With changes being made concerning health policies, Jensen and his colleagues at the Equity Center are managing the university’s “ecosystem” creating an environment that is supportive for LGBTQ students, employees and alumni.
Programs like the Rainbow Terrapin Network and workplace inclusion training are operated through the Equity Center, giving students, faculty and employees an opportunity to empower themselves. An additional training program, Trans Advocacy, focuses specifically on transgender issues.
However, while the university is increasingly accommodating for the LGBTQ community, there is still work to be done.
Theta Pi Sigma member Zoe Kresie said she would like to see more gender neutral spaces like bathrooms, as well as more sensitivity toward different gender identities from teachers, students and the institution as a whole.
“You find that teachers aren’t very aware of different gender identities,” Kresie, who identifies as transgender and prefers female or gender-neutral pronouns, said. “At first I didn’t identify with male pronouns at all, so getting misgendered was definitely a hard part for me.”
Kresie also said she would like to see more gender inclusivity on different surveys, forms, and applications at the the university.
As a volunteer at the Campus Pantry, a service that delivers groceries to students, staff and faculty in need, she’s noticed the forms required only have two options for gender: male and female.
This is not uncommon Jensen said.
This lack of options for gender identity is problematic for many students who may not identify as strictly male or female. The university application, for example, does not offer an option for students to self-identify regarding gender.

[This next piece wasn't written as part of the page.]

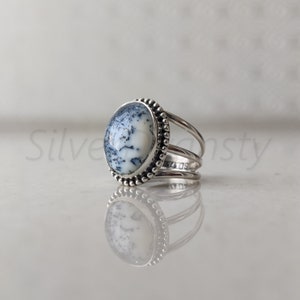 Natural Dendritic Opal Ring, 925 Solid Sterling Silver Ring, Unique Gemstone Ring, Handmade Jewelry, Gift for Her, Silver Ring with Gemstone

This leaves the university in the dark for statistics regarding the LGBTQ population.
“We know what the retention and graduation rates are for women and men, we know what they are for race, we know what they are for economic class, major, but no one can tell you the retention and graduation rates for LGBTQ students,” Jensen said. “Why not? Don’t we have a responsibility to people with those identities?”
Jensen currently has a proposal before the University Senate that would make gendered questions optional. Allowing students to self-identify on the application and other surveys would not only be good for inclusivity but for statistics as well, he said.
With contributions from student groups such as Theta Pi Sigma, faculty like Jensen and his colleagues at the Equity Center, the university’s many LGBTQ resources, and allies of the community, are confident that change at the university is growing increasingly visible.
“Theta Pi Sigma has been really great at being the bridge that connects [the LGBTQ community],” Lyon said. “I think we’ve really stepped up the visibility by creating one unified LGBT community.”